• **Exercise details**:
Within the data beneath, some lines may hold the word "Couple". Give the number of those lines and nothing else.

(Collected data)
-------------------------

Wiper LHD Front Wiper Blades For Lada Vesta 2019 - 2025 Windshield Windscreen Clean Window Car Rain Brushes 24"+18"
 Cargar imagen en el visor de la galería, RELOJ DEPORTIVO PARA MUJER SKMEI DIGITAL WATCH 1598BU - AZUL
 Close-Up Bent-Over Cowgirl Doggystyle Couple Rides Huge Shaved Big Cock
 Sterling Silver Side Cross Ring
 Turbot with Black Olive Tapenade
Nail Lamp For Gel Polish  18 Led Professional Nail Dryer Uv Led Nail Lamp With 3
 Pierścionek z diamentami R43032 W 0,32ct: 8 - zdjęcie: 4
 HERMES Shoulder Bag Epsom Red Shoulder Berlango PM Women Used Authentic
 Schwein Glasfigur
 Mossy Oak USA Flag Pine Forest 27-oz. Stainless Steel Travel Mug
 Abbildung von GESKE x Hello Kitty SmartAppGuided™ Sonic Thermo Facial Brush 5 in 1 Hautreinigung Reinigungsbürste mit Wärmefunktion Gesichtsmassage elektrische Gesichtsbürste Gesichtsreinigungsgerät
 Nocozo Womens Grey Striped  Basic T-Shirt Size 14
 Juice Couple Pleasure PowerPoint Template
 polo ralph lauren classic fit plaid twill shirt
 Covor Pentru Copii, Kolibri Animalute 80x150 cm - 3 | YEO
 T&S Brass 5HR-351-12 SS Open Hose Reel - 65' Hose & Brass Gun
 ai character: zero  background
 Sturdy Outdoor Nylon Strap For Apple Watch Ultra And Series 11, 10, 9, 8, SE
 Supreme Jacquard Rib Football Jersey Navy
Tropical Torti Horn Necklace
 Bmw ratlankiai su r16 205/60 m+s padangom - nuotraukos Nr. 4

-------------------------

• **Answer to this exercise**:
2